Nothing in the records below may change; print them all exactly.

(Beginning of Data in this exercise)

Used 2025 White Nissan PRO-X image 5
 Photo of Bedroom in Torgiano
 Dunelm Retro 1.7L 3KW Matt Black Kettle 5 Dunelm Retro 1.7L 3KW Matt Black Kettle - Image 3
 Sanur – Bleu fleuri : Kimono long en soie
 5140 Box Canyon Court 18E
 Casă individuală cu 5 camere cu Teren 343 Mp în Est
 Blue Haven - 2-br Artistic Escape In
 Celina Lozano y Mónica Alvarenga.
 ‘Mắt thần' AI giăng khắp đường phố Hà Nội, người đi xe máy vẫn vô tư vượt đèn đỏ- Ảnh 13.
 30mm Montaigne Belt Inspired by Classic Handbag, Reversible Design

(End of Data in this exercise)

**Answer**
Used 2025 White Nissan PRO-X image 5
 Photo of Bedroom in Torgiano
 Dunelm Retro 1.7L 3KW Matt Black Kettle 5 Dunelm Retro 1.7L 3KW Matt Black Kettle - Image 3
 Sanur – Bleu fleuri : Kimono long en soie
 5140 Box Canyon Court 18E
 Casă individuală cu 5 camere cu Teren 343 Mp în Est
 Blue Haven - 2-br Artistic Escape In
 Celina Lozano y Mónica Alvarenga.
 ‘Mắt thần' AI giăng khắp đường phố Hà Nội, người đi xe máy vẫn vô tư vượt đèn đỏ- Ảnh 13.
 30mm Montaigne Belt Inspired by Classic Handbag, Reversible Design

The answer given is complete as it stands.